- Work instruction -
For each line in the data below that holds "Photo", return a copy.

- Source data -
#####

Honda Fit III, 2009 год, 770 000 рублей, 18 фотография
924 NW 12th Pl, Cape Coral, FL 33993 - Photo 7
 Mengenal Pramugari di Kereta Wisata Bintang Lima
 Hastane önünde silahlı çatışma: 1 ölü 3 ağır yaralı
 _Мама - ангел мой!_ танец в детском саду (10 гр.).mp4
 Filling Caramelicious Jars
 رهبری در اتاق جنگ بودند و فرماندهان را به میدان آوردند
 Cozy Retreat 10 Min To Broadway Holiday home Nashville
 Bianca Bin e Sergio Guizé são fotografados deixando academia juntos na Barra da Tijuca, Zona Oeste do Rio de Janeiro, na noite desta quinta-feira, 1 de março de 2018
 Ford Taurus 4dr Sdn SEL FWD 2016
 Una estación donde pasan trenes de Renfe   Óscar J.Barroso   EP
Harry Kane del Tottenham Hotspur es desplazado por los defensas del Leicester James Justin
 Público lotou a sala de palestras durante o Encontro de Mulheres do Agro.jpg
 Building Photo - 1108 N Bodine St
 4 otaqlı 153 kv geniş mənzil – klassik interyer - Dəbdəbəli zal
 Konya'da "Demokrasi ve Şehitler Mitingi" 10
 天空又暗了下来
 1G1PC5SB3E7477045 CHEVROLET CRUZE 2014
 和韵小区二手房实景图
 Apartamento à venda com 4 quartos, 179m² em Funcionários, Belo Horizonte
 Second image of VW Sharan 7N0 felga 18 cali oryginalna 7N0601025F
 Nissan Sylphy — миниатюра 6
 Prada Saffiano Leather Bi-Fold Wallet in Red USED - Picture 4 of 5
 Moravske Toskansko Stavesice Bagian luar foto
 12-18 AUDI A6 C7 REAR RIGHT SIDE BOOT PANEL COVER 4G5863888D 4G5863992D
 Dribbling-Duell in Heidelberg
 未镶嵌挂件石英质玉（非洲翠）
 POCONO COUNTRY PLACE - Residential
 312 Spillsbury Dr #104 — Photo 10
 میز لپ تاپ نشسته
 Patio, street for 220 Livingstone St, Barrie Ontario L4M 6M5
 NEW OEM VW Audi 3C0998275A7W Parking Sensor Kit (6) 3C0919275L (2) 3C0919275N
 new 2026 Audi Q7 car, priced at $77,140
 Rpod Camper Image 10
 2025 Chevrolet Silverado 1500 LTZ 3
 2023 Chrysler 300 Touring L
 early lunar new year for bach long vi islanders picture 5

#####

- Answer section -
924 NW 12th Pl, Cape Coral, FL 33993 - Photo 7
 Building Photo - 1108 N Bodine St
 312 Spillsbury Dr #104 — Photo 10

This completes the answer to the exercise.